General Magic
- Industry: Personal digital assistants; Software;
- Founded: May 1990
- Founders: Bill Atkinson; Andy Hertzfeld; Marc Porat;
- Defunct: September 17, 2002
- Headquarters: Mountain View, California, United States
- Products: Telescript; Magic Cap;

= General Magic =

American technology company (1990–2002)

General Magic was an American software and early smart phone electronics company co-founded by Bill Atkinson, Andy Hertzfeld, and Marc Porat. Based in Mountain View, California, the company developed precursors to USB, software modems, small touchscreens, touchscreen controller Integrated circuits, ASICs, multimedia email, networked games, streaming TV, and early e-commerce notions.

The company's main product was Magic Cap, the operating system used in 1994 by Sony's Magic Link and the Motorola Envoy PDAs. It also introduced the programming language Telescript. After announcing it would cease operations in 2002, it was liquidated in 2004 with Paul Allen purchasing many of its patents.

==History==
===Apple project and spinoff (1989)===
The original project started in 1989 within Apple Computer, when Marc Porat convinced Apple's then-CEO John Sculley that the next generation of computing would require a partnership of computer, communications and consumer electronics companies to cooperate. Known as the Paradigm project, the project ran for some time within Apple, but management remained generally uninterested and the team struggled for resources. Eventually they approached Sculley with the idea of spinning off the group as a separate company, which occurred in May 1990 with founders Marc Porat, Andy Hertzfeld, and Bill Atkinson.

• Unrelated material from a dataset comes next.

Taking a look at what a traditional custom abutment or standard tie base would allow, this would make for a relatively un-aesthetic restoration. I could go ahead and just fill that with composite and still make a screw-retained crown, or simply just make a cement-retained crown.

Apple took a minority stake in the company, with John Sculley joining the General Magic board.

Porat, Hertzfeld and Atkinson were soon joined at General Magic by Susan Kare, Joanna Hoffman (vice president of marketing), hardware pioneer Wendell Sander, Walt Broedner and Megan Smith who joined from Apple Japan, and most of Apple's System 7 team, including Phil Goldman and soon after Bruce Leak and Darin Adler.

===Early years (1992–1994)===
The company initially operated in near-complete secrecy. By 1992, some of the world's largest electronics corporations, including Sony, Motorola, Matsushita, Philips and AT&T Corporation were partners and investors in General Magic, creating significant buzz in the industry. Sculley, Motorola CEO George Fisher, Sony president Norio Ogha, and AT&T division chairman Victor Pelsen became board members. As the operations expanded, the company reportedly let rabbits roam the offices to inspire creativity.

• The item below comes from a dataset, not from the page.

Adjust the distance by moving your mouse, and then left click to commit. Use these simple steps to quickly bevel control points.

In 1992–1993, while Sculley was still a director of General Magic, Apple entered the consumer electronics market with a poorly-received personal digital assistant that became the Apple Newton. By early 1993, Newton (originally designed as a tablet with no communications capabilities) started to attract market interest away from General Magic.

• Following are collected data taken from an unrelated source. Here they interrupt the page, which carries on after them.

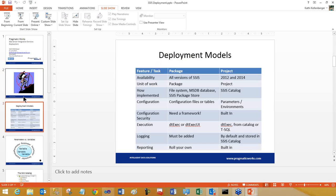I'd like to compare the old package deployment model — which is actually still available — to the new project model. As far as availability, the old model is available in any version of SSIS, and the new project model is available in 2012 and 2014, which just came out a couple days ago. The unit of work in the package model is the package, and in the project model it's the project. It doesn't mean you have to run all the packages at the same time — it just means when you deploy and manage them, you're working at the project level.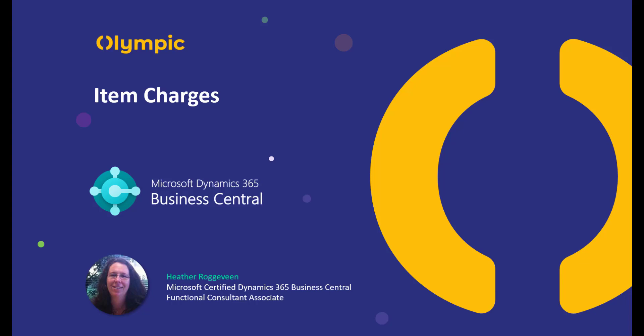This Business Central Inventory video looks at item charges. Item charges can be set up to record things like freight or customs duty that you might want to record against the initial cost of your item. It gives you the ability to spread the cost that you might receive on an invoice against all of the inventory items that are on it, meaning that your inventory valuation is increased for those products. Let's have a look at how it works.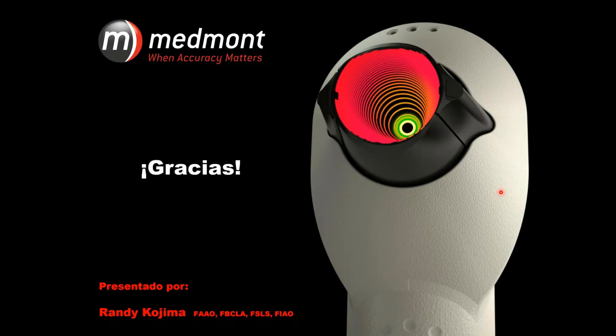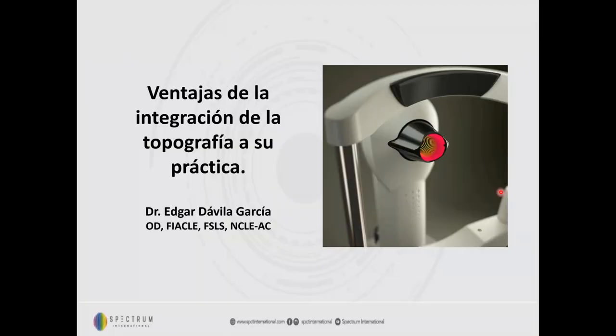Bueno, muy buenas noches, queridos colegas de Latinoamérica. Un placer estar con ustedes y compartir un ratito de información. Súper agradecido con Randy por la información que nos brindó, y con Carlos Salazar de México por esa tremenda traducción. Aquí estamos con información con respecto a las ventajas de integración de la topografía a su práctica.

In February 1993, the company had 100 employees. On February 8, The New York Times referred to General Magic as "Silicon Valley's most closely watched start-up company." It reported that the company was introducing software technology called Telescript with the intent of creating a "standard for transmitting messages among any machines that compute, regardless of who makes them." The company also announced the software Magic Cap, an operating system catering to communications. Telescript would eventually be released in 1996 at the start of the Internet boom.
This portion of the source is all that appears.